(Crawled caption data)
+ + + + + + +

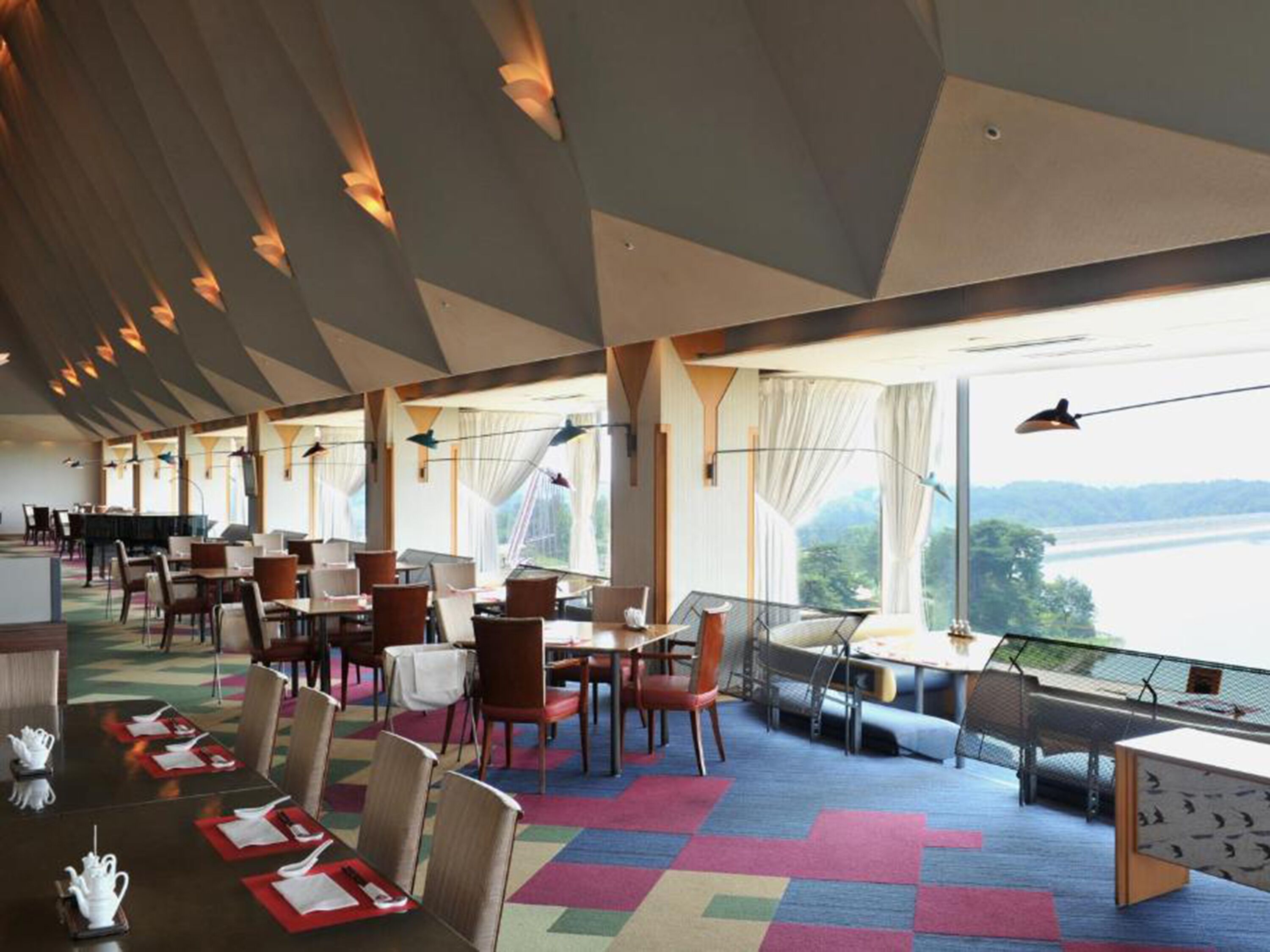 A spacious dining area with tables and chairs, large windows with curtains, and a view of a body of water.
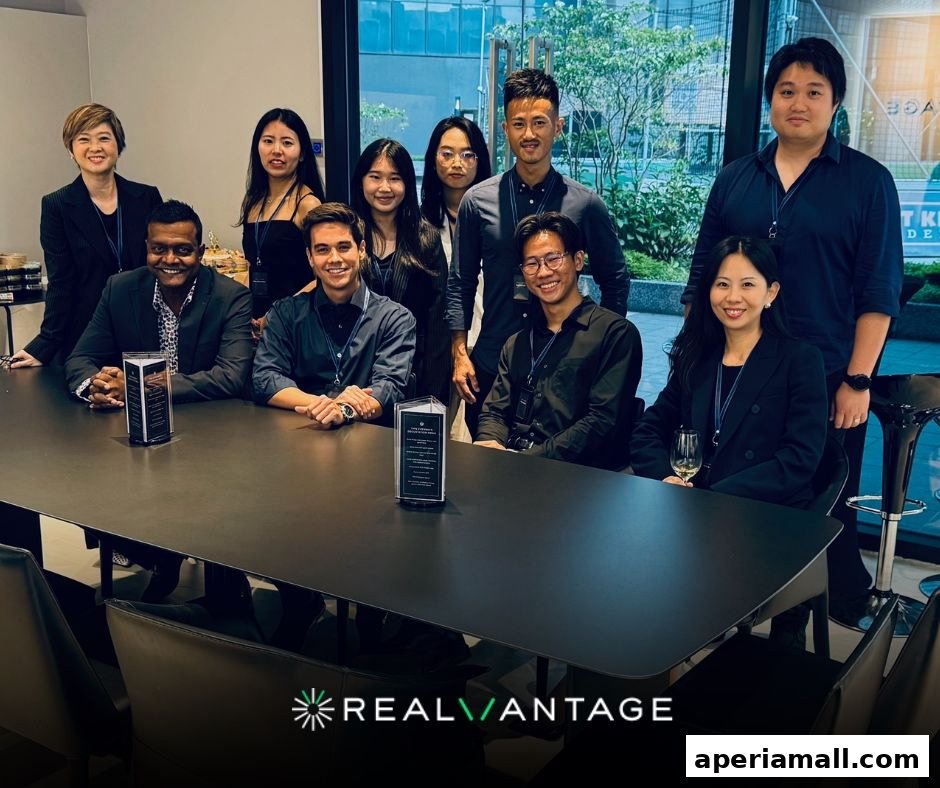 A diverse team of professionals posing around a conference table at RealVantage.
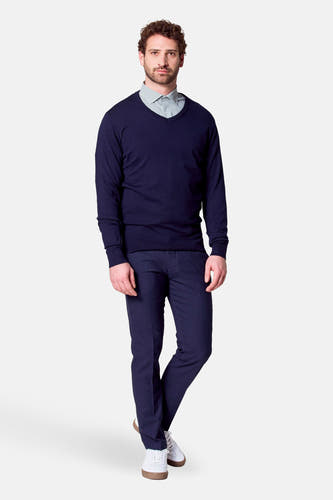 Pull à col V bleu de Bruce & Butler, porté sur une chemise et avec un pantalon foncé et des baskets blanches.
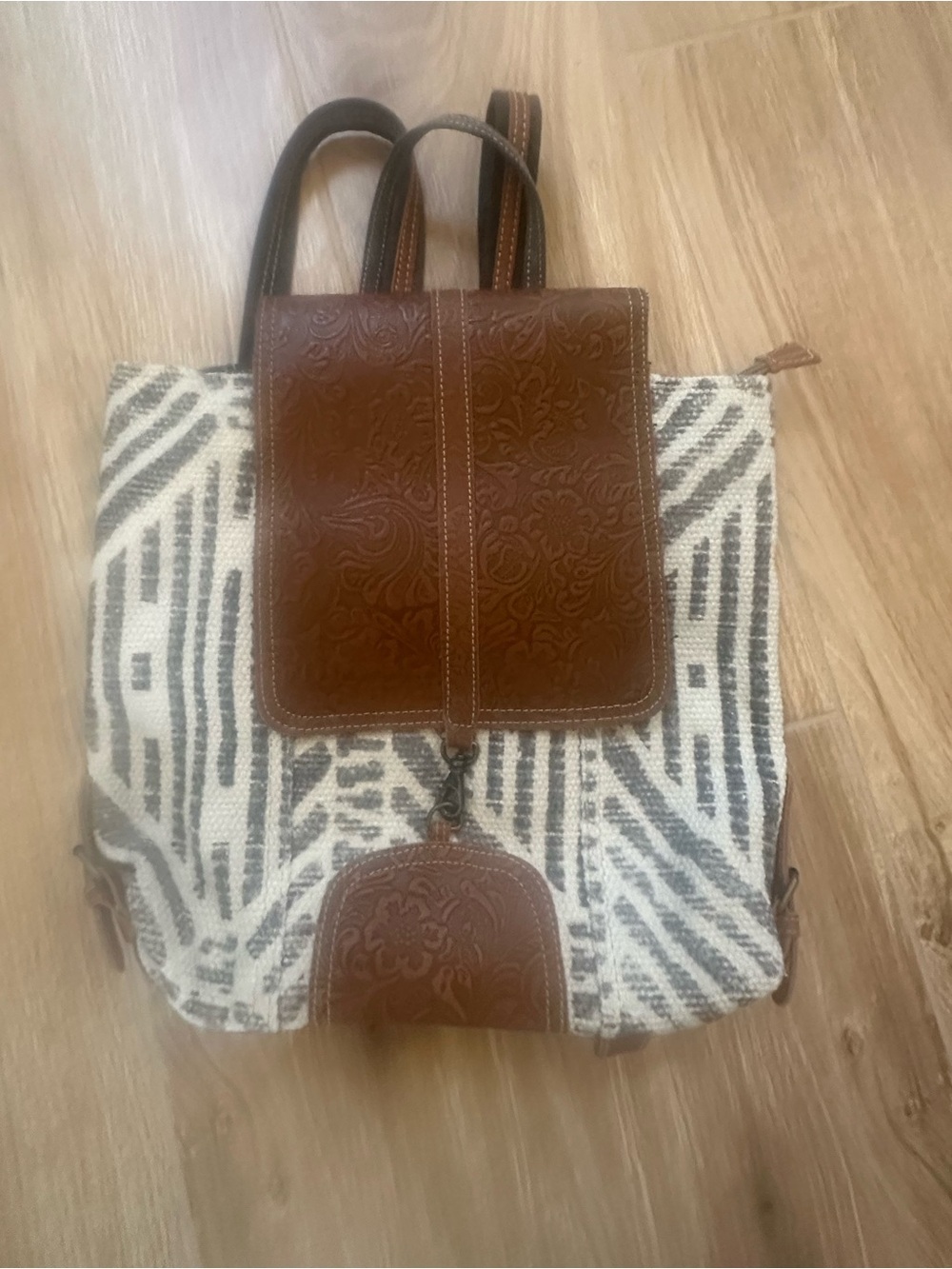 Myra Bag white and gray woven canvas body with brown embossed leather accents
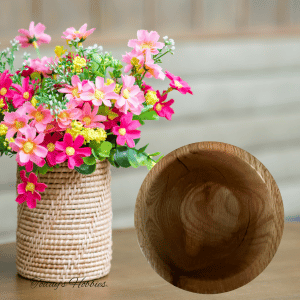 Handmade small oak bowl by Today’s Hobbies next to a wicker vase with pink and yellow flowers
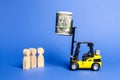 Yellow forklift raised to the height of the bundle of money unattainable for people below. Main prize, puzzle, contract. Royalty Free Stock Photo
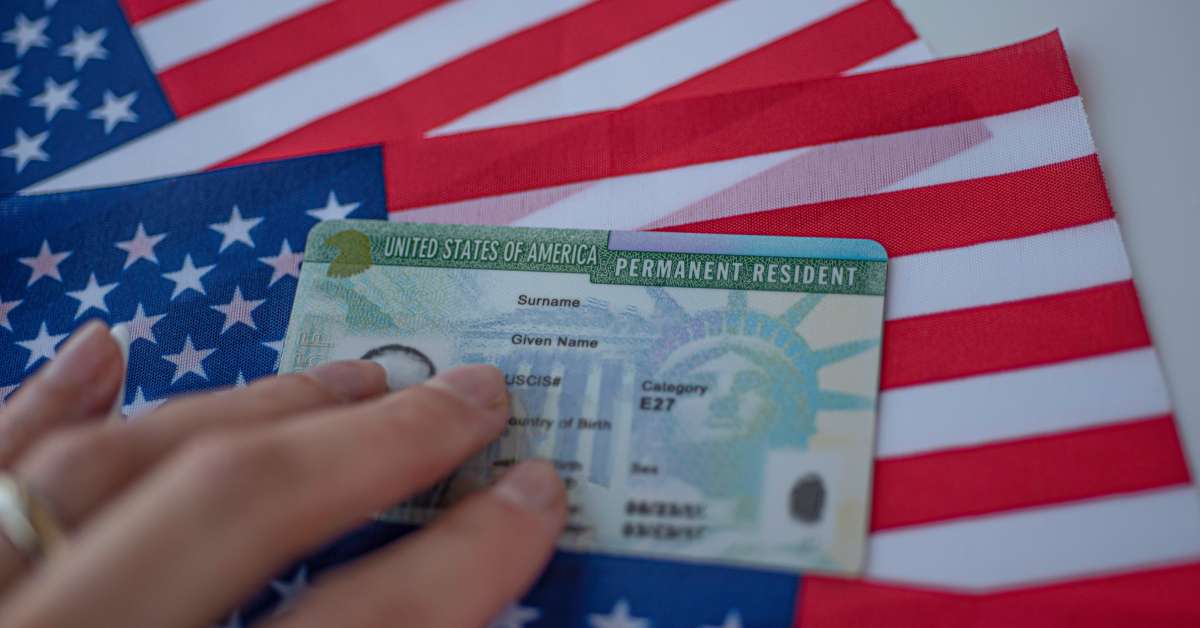 A person's hand resting on a United States of America permanent resident card. There are three US flags behind the card.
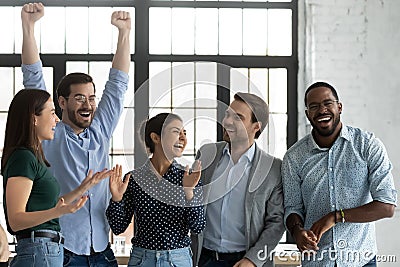 Overjoyed happy diverse business team celebrating success together Stock Photo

+ + + + + + +

In the records above, locate the line containing "A person's hand", then copy exactly that line and every line after it through the end, omitting pictures.

Written response:
 A person's hand resting on a United States of America permanent resident card. There are three US flags behind the card.
 Overjoyed happy diverse business team celebrating success together Stock Photo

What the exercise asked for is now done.